Патогенез и патологоанатомическая картина. Проникнув в организм через рот, иерсинии попадают в желудок, где частично погибают под действием кислой среды. Бактерии, преодолевшие защитный барьер желудка, внедряются в слизистую оболочку подвздошной кишки и ее лимфоидные образования. В месте входных ворот инфекции развивается различной выраженности воспалительный процесс (терминальный илеит). По лимфатическим сосудам иерсинии проникают в мезентериальные лимфатические узлы и вызывают мезаденит. В патологический процесс могут быть вовлечены червеобразный отросток и слепая кишка.

На фоне инфекционно-воспалительных изменений развиваются токсический и аллергический процессы, связанные с токсинемией. На этом этапе инфекционный процесс, приобретая черты локализованной формы, может завершиться.

В случае прорыва лимфатического барьера кишечника возникает бактериемия, обусловливающая развитие генерализованных форм заболевания. Наблюдается токсико-аллергическое поражение многих органов и систем, в первую очередь печени и селезенки, возможно развитие полилимфаденита, полиартрита, остита, миозита, нефрита, уретрита, менингита и др. Иммунопатологические реакции у части больных иерсиниозом могут служить толчком к развитию системных заболеваний (тип коллагенозов).

Заключительное звено патогенеза иерсиниоза – освобождение организма от возбудителя, ведущее к выздоровлению. Развивающийся иммунитет при иерсиниозе не является достаточно прочным, с чем связано нередкое развитие обострений и рецидивов болезни.

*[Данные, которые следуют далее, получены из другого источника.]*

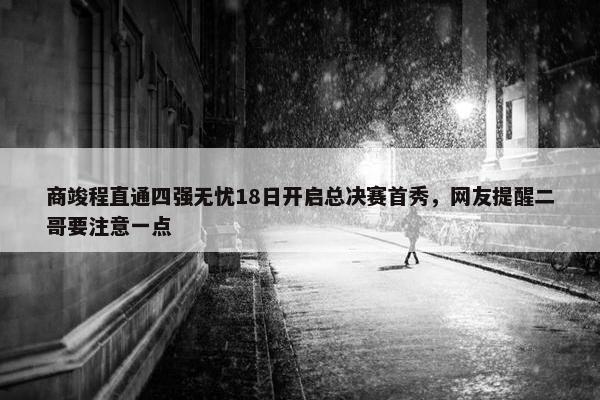 商竣程直通四强无忧18日开启总决赛首秀，网友提醒二哥要注意一点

Данные о патоморфологических изменениях при иерсиниозе получены при оперативных вмешательствах и аутопсии у лиц, умерших от тяжелых форм заболевания. Характерны гиперемия и гиперплазия мезентериальных лимфатических узлов с явлениями абсцедирующего ретикулоцитарного лимфаденита, уплотнение брыжейки, четко отграниченное воспаление в дистальном отделе тонкой кишке протяженностью 15—100 см, иногда встречаются язвенно-некротические изменения слизистой оболочки червеобразного отростка, а также воспалительная реакция всех его слоев от катаральной до флегмонозной формы.

При тяжелых генерализованных формах отмечаются геморрагический отек и некроз слизистой оболочки подвздошной кишки, в брыжейке – увеличенные, гиперемированные лимфатические узлы, в печени и селезенке – множественные мелкие некротические очаги или абсцессы, из содержимого которых выделяются иерсинии.

Клиническая картина. Продолжительность инкубационного периода колеблется от 1 до 6 дней. Иерсиниоз характеризуется полиморфизмом клинических проявлений. Наиболее часто встречаются поражения желудочно-кишечного тракта в сочетании с синдромом интоксикации – гастроэнтеритом, энтероколитом, гастроэнтероколитом.

Заболевание начинается остро: возникает озноб, повышается температура тела до 38—39 °С. Больных беспокоят головная боль, слабость, миалгии и артралгии. Одновременно с интоксикационным синдромом возникают тошнота, у части больных – рвота, боли в животе, которые носят схваткообразный или постоянный характер. Боли локализуются в эпигастрии, вокруг пупка, в правой подвздошной области, иногда в правом подреберье. Стул жидкий, вязкий, с резким запахом. У некоторых больных при вовлечении в патологический процесс толстой кишки в стуле обнаруживается примесь слизи, реже – крови. Частота стула от 2—3 до 15 раз в сутки. Продолжительность заболевания 2—15 сут. Наряду с доброкачественным течением встречаются тяжелые формы болезни с резко выраженной интоксикацией, обезвоживанием.

Клинические проявления острого терминального илеита, мезаденита и аппендицита сколько-нибудь существенно не отличаются от течения соответствующих вариантов псевдотуберкулезной инфекции.

Наряду с абдоминальными (желудочно-кишечными) проявлениями при иерсиниозе развивается токсико-аллергическая симптоматика.

При объективном обследовании в 1-ю неделю заболевания кожа больных нормальной окраски или несколько бледная. У некоторых из них обнаруживается точечная или мелкопятнистая сыпь на симметричных участках кожи туловища и конечностей, которая исчезает в срок от нескольких часов до 3—4 сут. Нередко отмечаются гиперемия конъюнктив, инъекция сосудов склер. Слизистая оболочка зева диффузно гиперемирована. При пальпации находят умеренно увеличенные и болезненные периферические лимфатические узлы. Определяются лабильность и учащение пульса, соответствующее температуре тела. Артериальное давление несколько снижено.